Teona Strugar Mitevska, la réalisatrice du remarquable Dieu existe son nom est Petrunya, livre avec L’homme le plus heureux du monde une nouvelle œuvre dramatique mettant ici en scène une société bosniaque qui n’arrive pas à se détacher de sa tragique histoire.

Réunis en huis clos à l’occasion d’un speed dating, des habitants de Sarajevo et des alentours se voient incités à participer à un jeu de questions-réponses où ils seront amenés à livrer des vérités pas toujours audibles pour les autres participants. L’incompréhension, et c’est un euphémisme, ira croissant entre plusieurs groupes. Ainsi, les jeunes qui n’ont pas connu la guerre et qui ne s’y intéressent pas, râleront au passage contre les vieux qui ne parlent que de ça. Quant aux plus âgés, assiégés ou assiégeants de Sarajevo, en fonction de la situation dans laquelle ils se trouvaient à l’époque, ils seront répartis entre ceux qui veulent savoir et ceux qui souhaitent oublier. Dans cette configuration, la confrontation majeure viendra entre Asja (Jelena Kordic Kuret) une femme qui porte encore physiquement et psychiquement les marques d’un tir de sniper et de Zoran (Adnan Omerovic) celui qui, pense-t-elle, lui a tiré dessus.

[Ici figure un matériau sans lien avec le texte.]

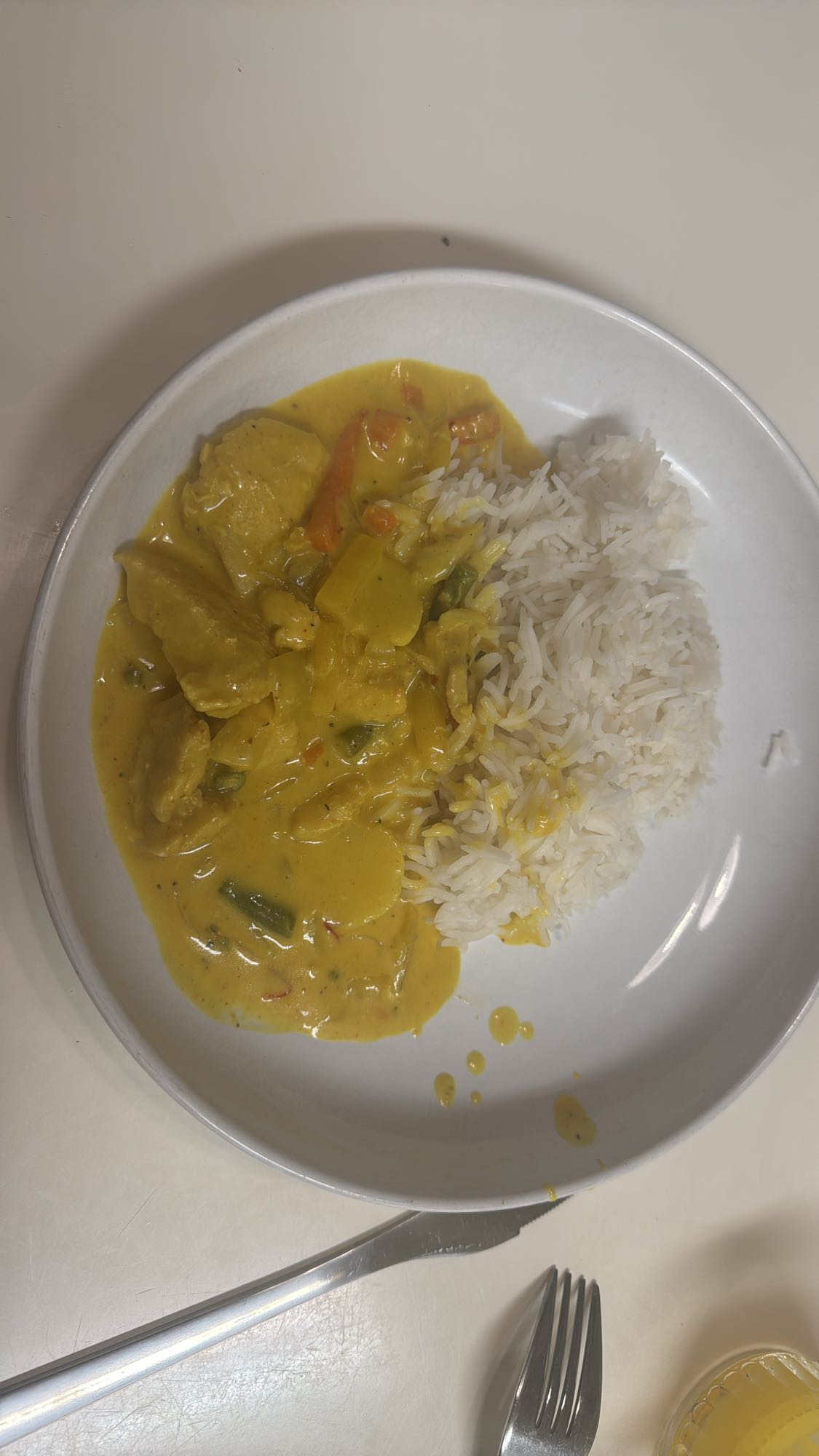 Kycklingcurry med ris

On comprend l’intention de la réalisatrice : pour avancer, il faut avouer et pardonner. Une société ne peut se construire solidement si l’on balaye les scories sous le tapis, le pardon ne pouvant être accordé qu’après explication. Le groupe de participants sera ici un microcosme dans lequel les tensions ethniques et religieuses exacerbées par la guerre referont surface, conduisant à une atmosphère de plus en plus oppressante jusqu’à la crevaison de l’abcès.

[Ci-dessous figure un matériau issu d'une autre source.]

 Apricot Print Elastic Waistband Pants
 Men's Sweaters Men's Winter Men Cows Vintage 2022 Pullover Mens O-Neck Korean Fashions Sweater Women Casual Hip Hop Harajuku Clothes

À partir de simples conversations du quotidien menées par les différents protagonistes, la réalisatrice jouera avec son spectateur, l’embarquant sans crier gare dans des moments d’extrême tension dans lesquels les dialogues précédents ou suivants sembleront absurdes au regard des enjeux. En effet, comment s’intéresser à savoir quel dessert on préfère si votre interlocuteur en face a cherché à vous tuer ? La méthode a ses limites, les dialogues semblant dans ces moments-là parfois artificiels. Mais l’idée est bien présente : pour retrouver une normalité et une situation apaisée, un travail d’explication s’avère nécessaire.

Porté par le jeu remarquable de ses deux acteurs principaux, L’homme le plus heureux du monde laissera à son spectateur un goût amer à l’image d’un conflit prêt à se rallumer à tout moment.